Don’t let your pets inside your bedroom wherever possible, and certainly don’t let them sleep next to you. Avoid down pillows and feather-filled blankets/comforters - use zippered pillow covers instead.

If you have issues with mold, get it fixed to prevent the spread of fungal spores.

Regular Medical Check-Ups

Consult your doctor regularly to ensure your symptoms are diagnosed and treated on time. If you have one or more nocturnal asthma episodes in a week consult your physician to identify the cause, and construct a specific care plan to improve your quality of sleep and life.

A peak flow meter is used to diagnose asthma and its intensity.

Doctors may recommend a BiPAP (Bilevel Positive Airway Pressure) ventilation device or a Continuous Positive Air Pressure (CPAP) that provides modulated air pressure, oxygen, and ambient air to help you breathe in a non-invasive way, and to tackle disorders like sleep apnoea.

Sleeping Position

Sleep in an inclined position with your neck and head slightly elevated and propped up using pillows. Use pillows under your knees, if necessary, as well.
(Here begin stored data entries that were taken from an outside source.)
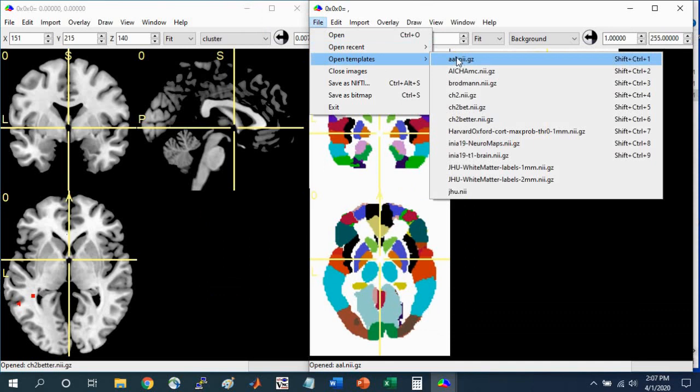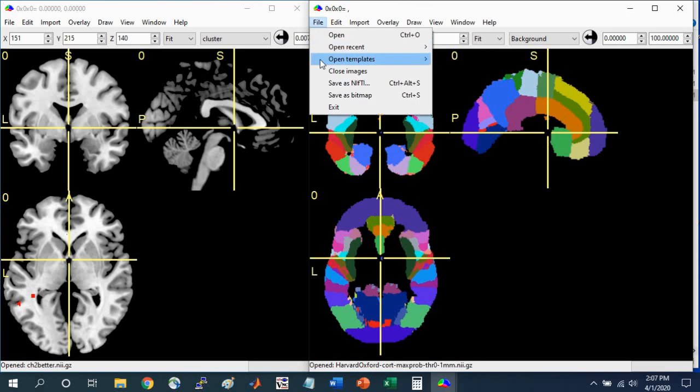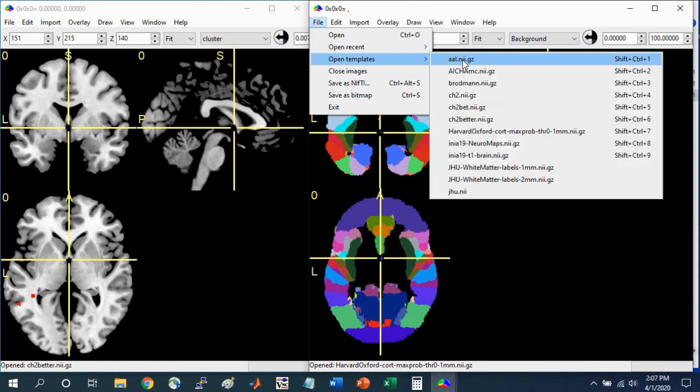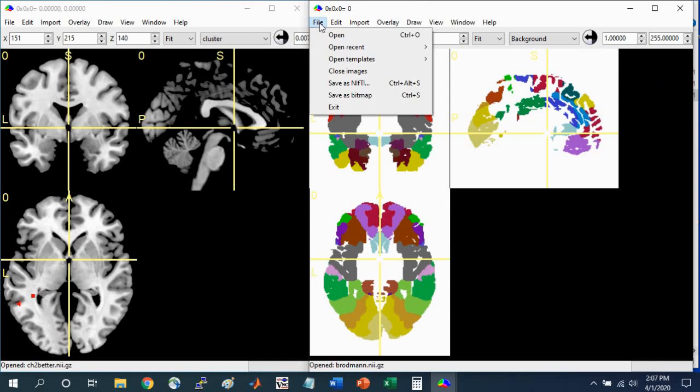Other atlases that might be useful are the Harvard-Oxford Atlas. This also comes with MRI-Cron. You can select that. And there's also the Broadman's Area Atlas that comes with MRI-Cron. Those three are the most useful for determining which brain region is associated with a functional cluster that you're interested in.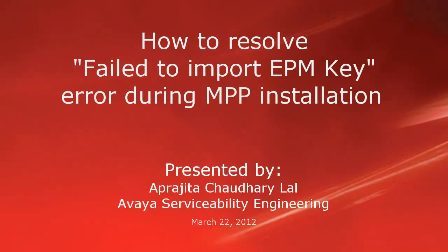Hi, this is Aparajita from Avaya Serviceability Engineering team. In this video, we will see how to resolve fail to import EPM key error during MPP installation for Avaya Aura Experience Portal.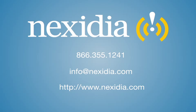This was just one example. Contact us to learn how Nexedia Interaction Analytics can help your business.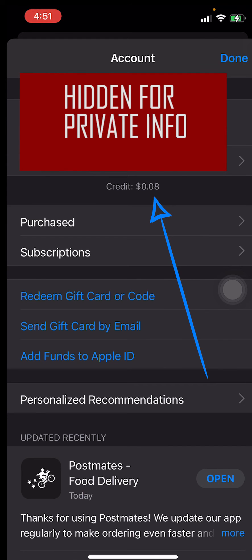For example, mine is currently 8 cents. I know I'm not going to be able to buy any apps with 8 cents, but if I purchase an app for one dollar, I won't be charged the full dollar — I'll only be charged 92 cents, because the other 8 cents are applied as credit.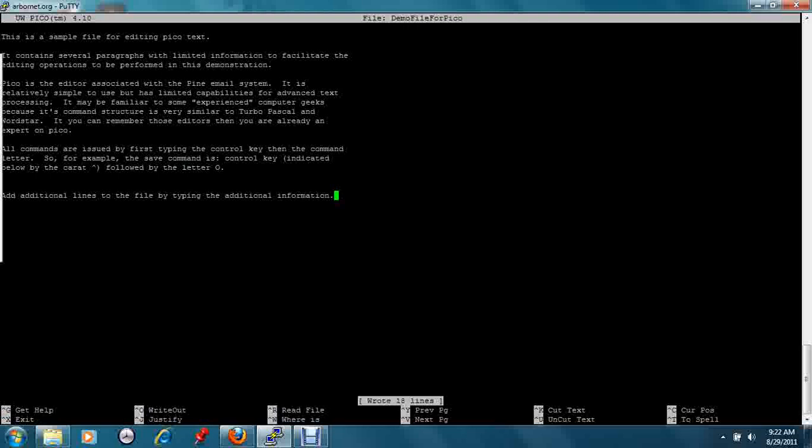You can mark text for copying or moving by positioning the cursor using the arrow keys and marking the beginning of the text with control caret.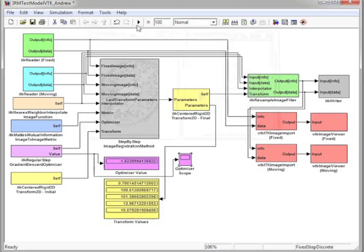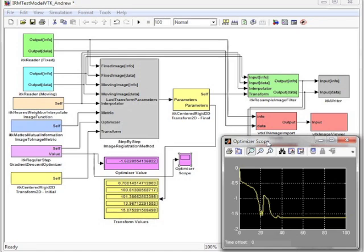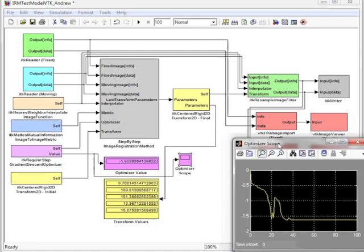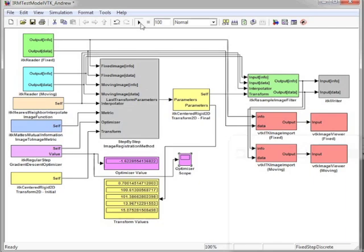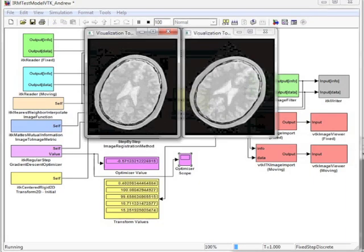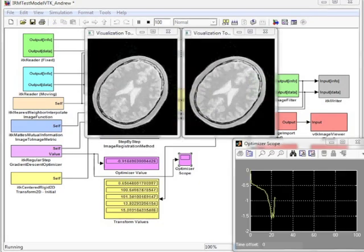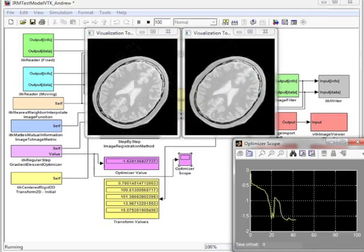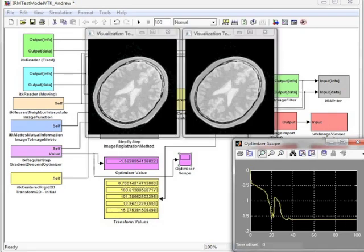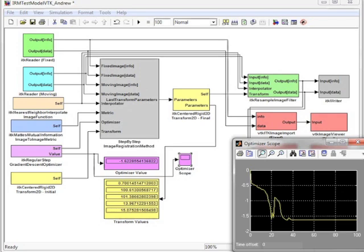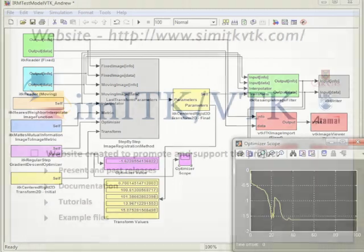But we can also attach a scope to the optimizer block, and watch the optimization and registration happen in real time. Let's rerun the registration. Here we can see initially that the two are out of alignment, and then somewhere around the 40-second pass-through, everything is lined up. This is a great example of SimITK interacting with current Simulink blocks.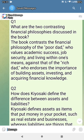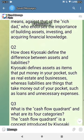What are the two contrasting financial philosophies discussed in the book? The book contrasts the financial philosophy of the poor dad, who values academic success, job security, and living within one's means, against that of the rich dad, who endorses the importance of building assets, investing, and acquiring financial knowledge.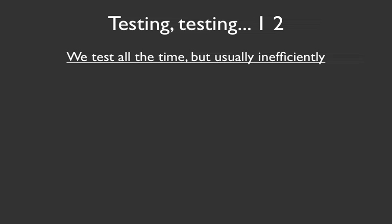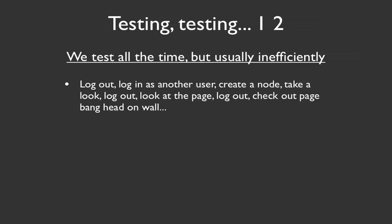So when we are building out our module, or developing in Drupal in any way, we're testing all the time. We're refreshing our browser page, we're going to different pages, running through different workflows repeatedly to see if the things that were working before are still working, and to check our new functionality and to see how it fits in all of that.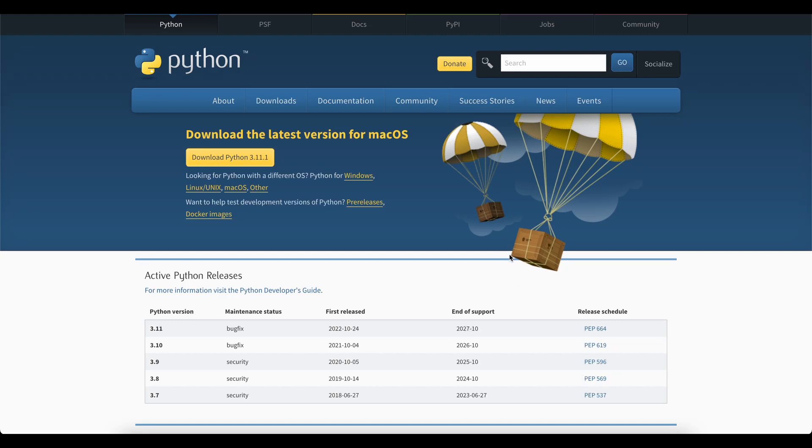Hello, everyone. In this video, we are going to see how to set up Python with VS Code in your macOS. Let's get right into it.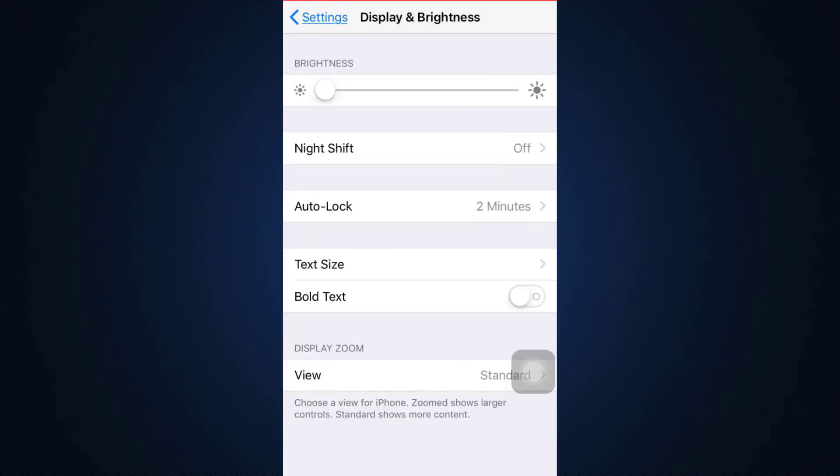On Display and Brightness, you are likely to see an option that says Dark Mode. You simply have to turn that on, which will set up your entire device into dark mode. If you are on iOS, you can also click on the home button three times in a row.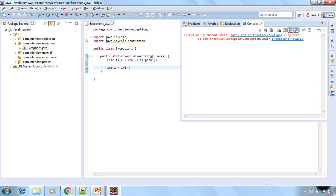So we can run this program and see there is arithmetic exception that is saying that division by zero. So this exception is not checked by the compiler at compile time but it is being thrown at the run time. So this is unchecked exception.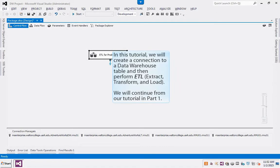In this tutorial, we will create a connection to a data warehouse table and then perform ETL, Extract, Transform, and Load. We will continue from our tutorial in Part 1.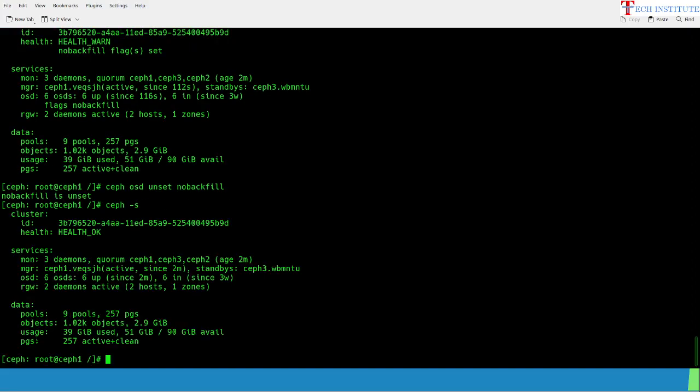After unsetting all five flags — noout, nodown, norecover, nobackfill, norebalance, and pause — check the cluster status again. Health should be OK, RGW and everything should be running. You do not need to manually start anything else. Once this is done, connect back all your clients: if they are using RBD or CephFS, mount them; if they are connecting via RGW, log back in using RGW.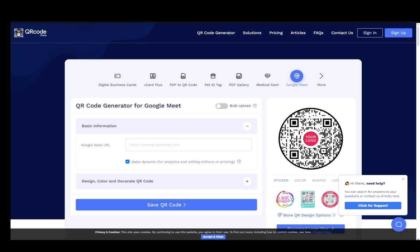Once you create the QR code, it can be sent to people to scan and join the meeting. You can usually scan it with your camera on your device. Just turn on the camera and point it at the QR code.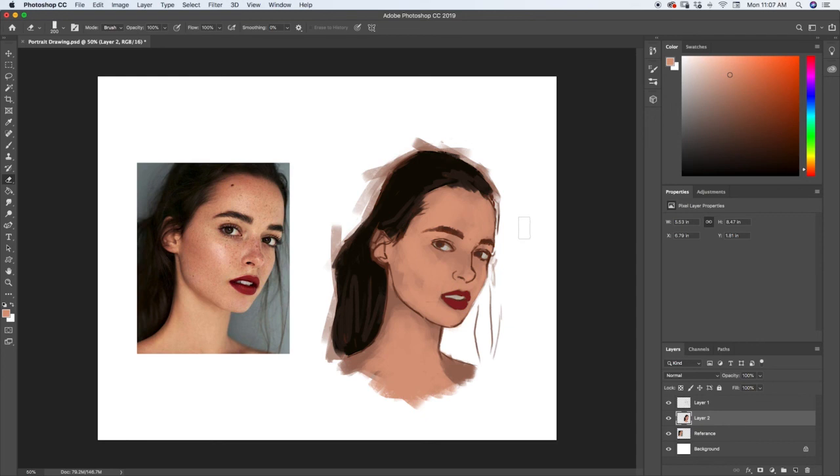There we go — we just blocked in the colors for our painting, and now we're ready to really start adding some detail. I'll see you guys in the next lecture.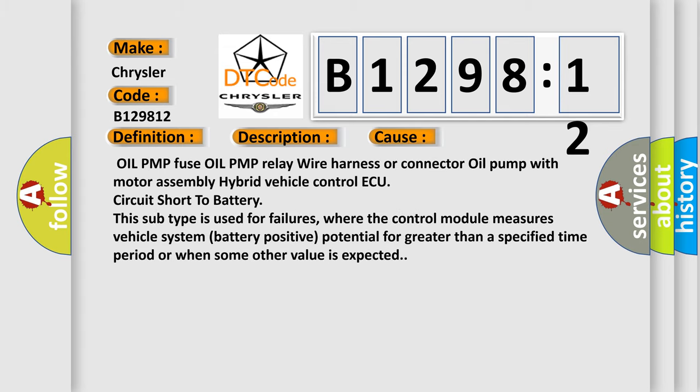This diagnostic error occurs most often in these cases: Oil pump fuse, oil pump relay, wire harness or connector, oil pump with motor assembly, hybrid vehicle control ECU, circuit short to battery.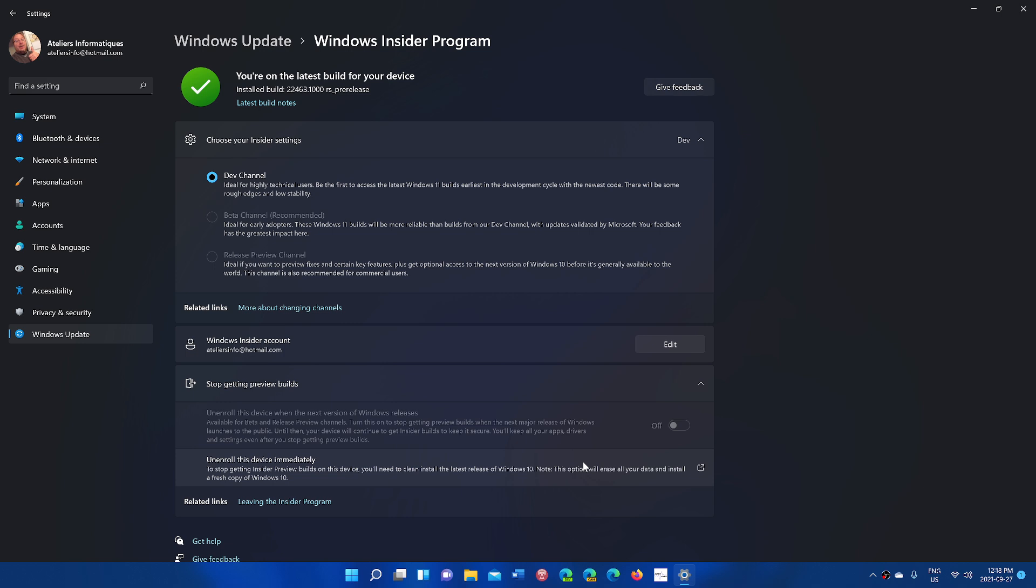Just put that slider to on. Unenroll this device when the next version of Windows releases. Turn that on, and once you've installed Windows 11, you will be fine.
This way problems of a suffocated airway/trachea or GERD-induced breathlessness can be resolved to a large extent.

Temperature Modulation

Keep the temperature at a suitable degree to prevent the room from becoming too cold and remove moisture. You can turn the air conditioner lower, make sure your windows and doors are tightly sealed so brisk air doesn’t come in, keep your bedroom well-insulated, and use a humidifier to maintain ambient water vapor.


In addition to following the guidelines above, you must keep your inhaler and a glass of water beside you on your bedside table, to be prepared in the event of an asthma attack. Apparently, a hot cup of coffee also works wonders to clear your airways!